*Provided material:*
________________

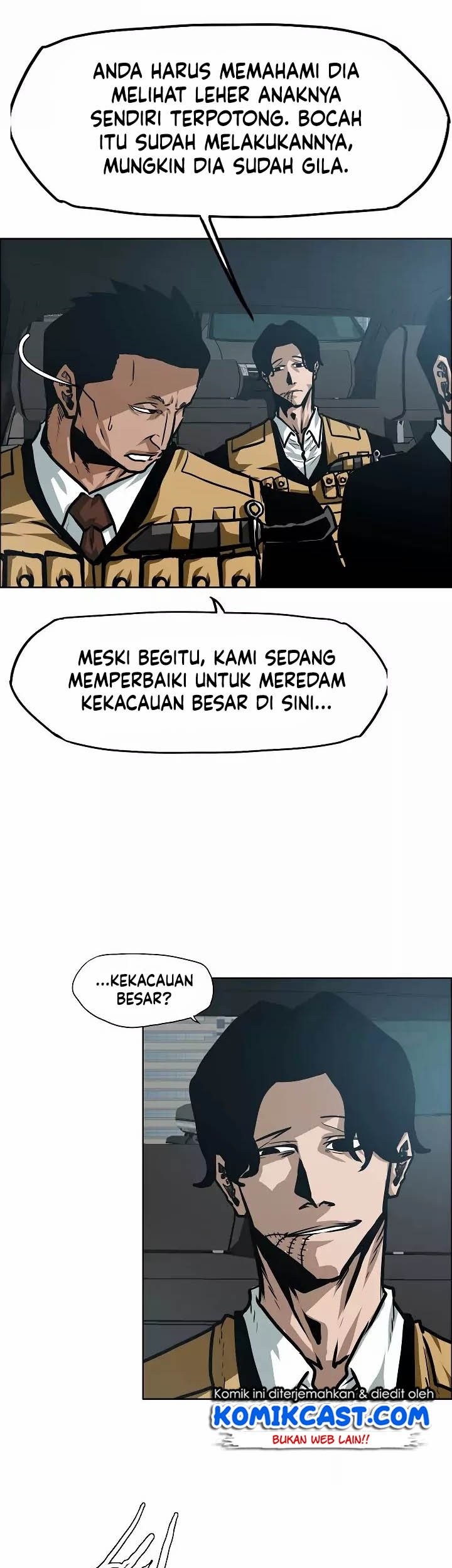Rooftop Swordmaster Chapter 27 - halaman 14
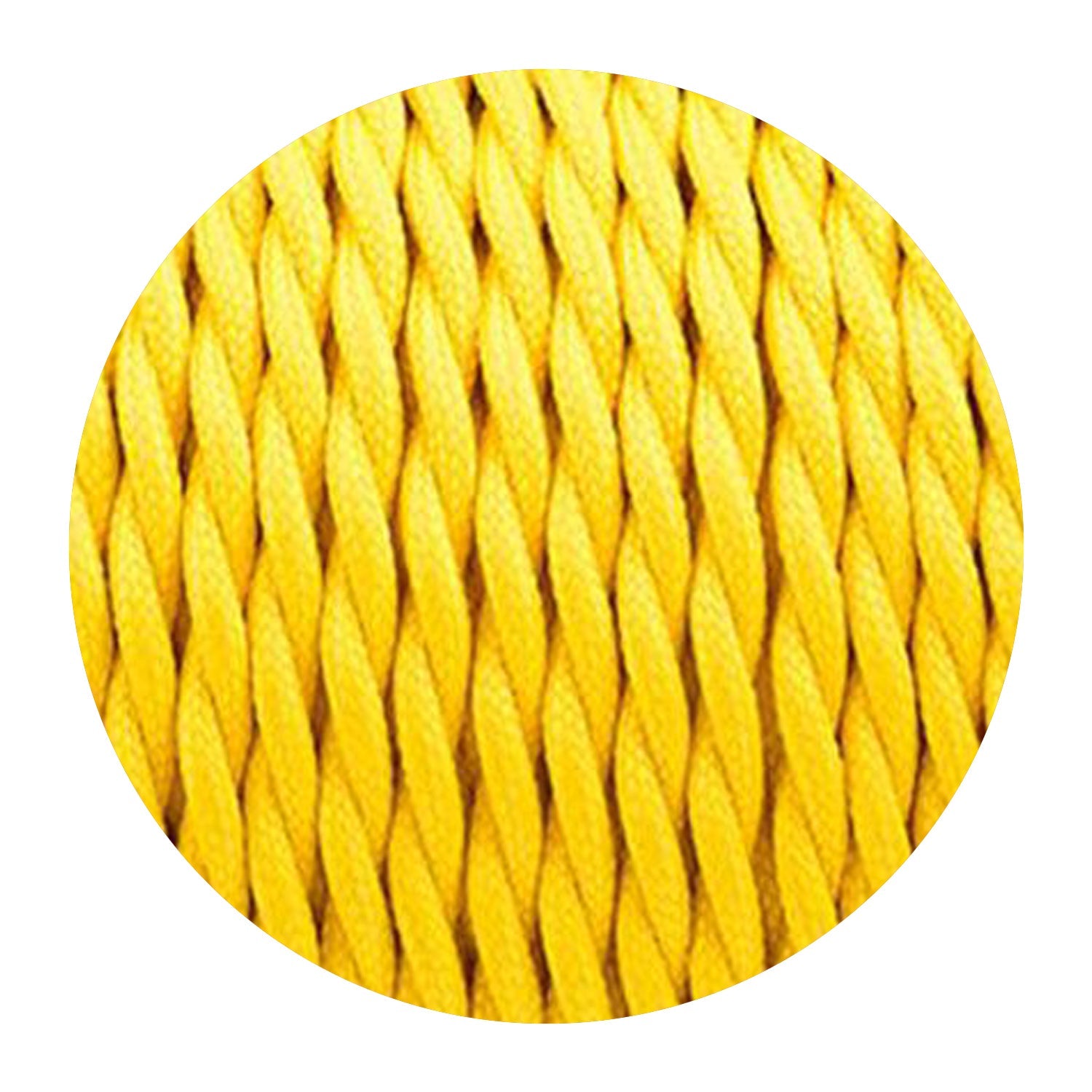 2 core Twisted Italian Braided Cable, Electrical Fabric Flexible Lamp Cable Wire Cord for UK Light~4084-15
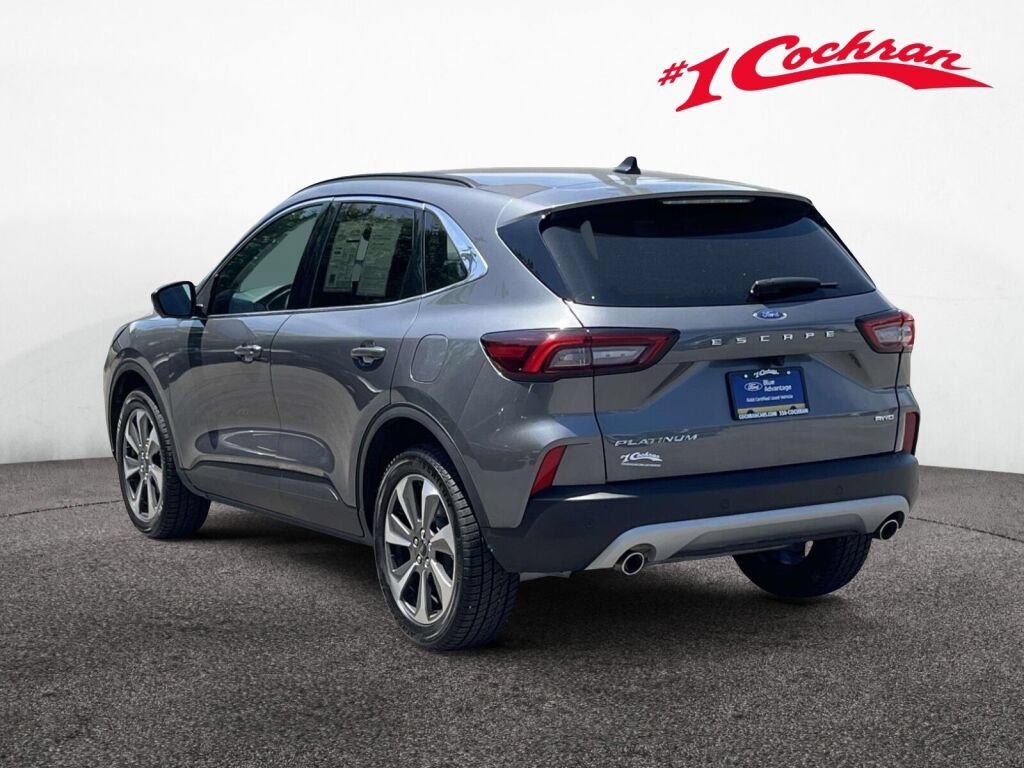 Certified 2024 Ford Escape Platinum AWD/4WD image 10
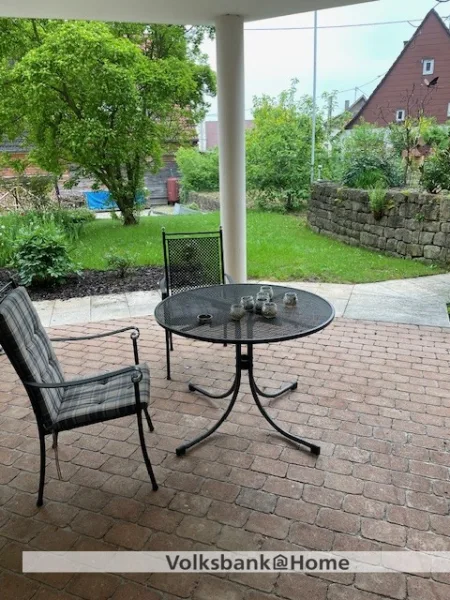 Terrasse - Büro/Praxis mieten in Rottenburg am Neckar / Hailfingen - Flexibel nutzbares Büro mit sep. Besprechungsraum!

________________

Give again, word for word, only the lines that run from the top of the data above through the line with "Certified 2024 Ford". Drop the pictures.

*Answer to this exercise:*
Rooftop Swordmaster Chapter 27 - halaman 14
 2 core Twisted Italian Braided Cable, Electrical Fabric Flexible Lamp Cable Wire Cord for UK Light~4084-15
 Certified 2024 Ford Escape Platinum AWD/4WD image 10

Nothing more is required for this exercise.